━━━ Available records

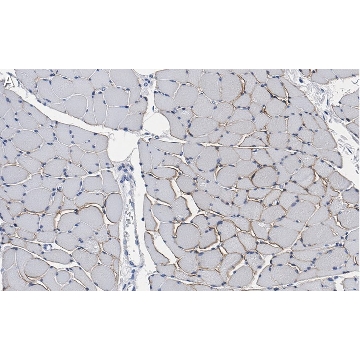 Anti-Dystrophin Antibody, clone 2C6 (MANDYS106) ZooMAb® Mouse Monoclonal，25UL，ZMS1051-25UL，Sigma
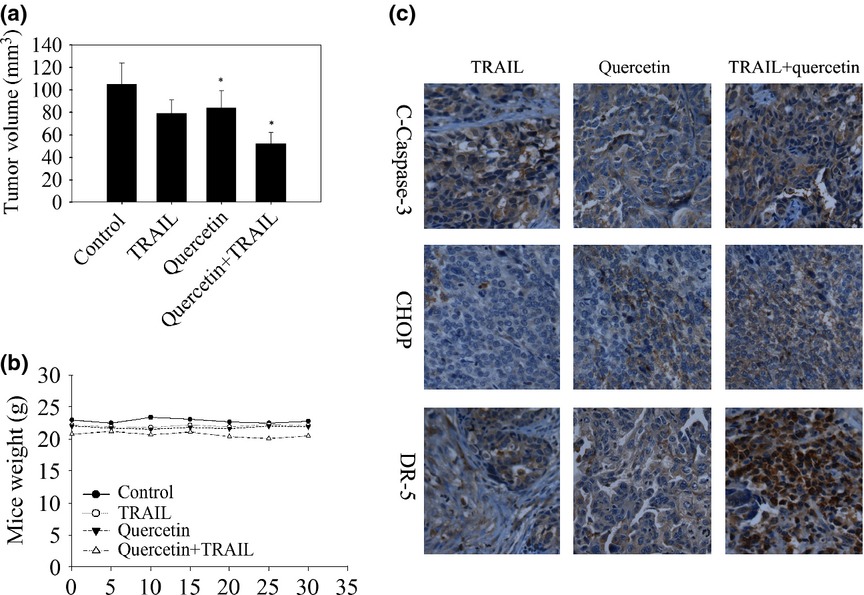 Quercetin enhances apoptotic effect of tumor necrosis factor-related apoptosis-inducing ligand (TRAIL) in ovarian cancer cells through reactive oxygen species (ROS) mediated CCAAT enhancer-binding protein homologous protein (CHOP)-death receptor 5 pathway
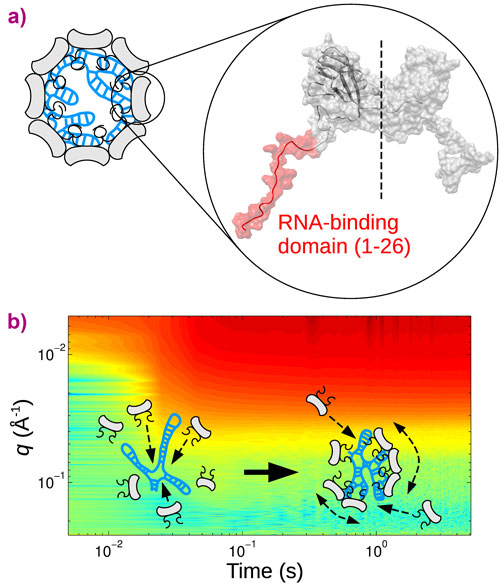 Schematic representation of a virus with dimeric subunits (light grey) and the RNA genome (blue) and Experimental scattering intensities of self-assembling viruses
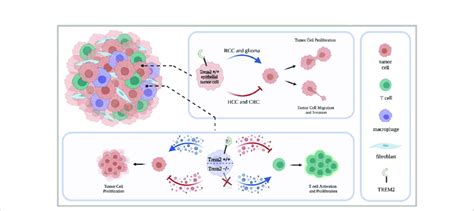 Trem In Heterogeneous Tumors Tumors Are Composed Of A Heterogeneous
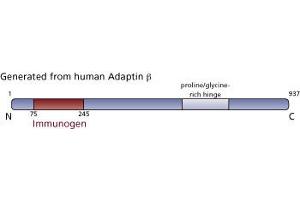 Image no. 3 for anti-Adaptor-Related Protein Complex 2, beta 1 Subunit (AP2B1) (AA 75-245) antibody (ABIN967931) (AP2B1 antibody  (AA 75-245))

━━━━━━

Your task is to repeat, word for word and with no picture, every line from the one that contains "Schematic representation of" through the last line of the data.

** Task solution **
 Schematic representation of a virus with dimeric subunits (light grey) and the RNA genome (blue) and Experimental scattering intensities of self-assembling viruses
 Trem In Heterogeneous Tumors Tumors Are Composed Of A Heterogeneous
 Image no. 3 for anti-Adaptor-Related Protein Complex 2, beta 1 Subunit (AP2B1) (AA 75-245) antibody (ABIN967931) (AP2B1 antibody  (AA 75-245))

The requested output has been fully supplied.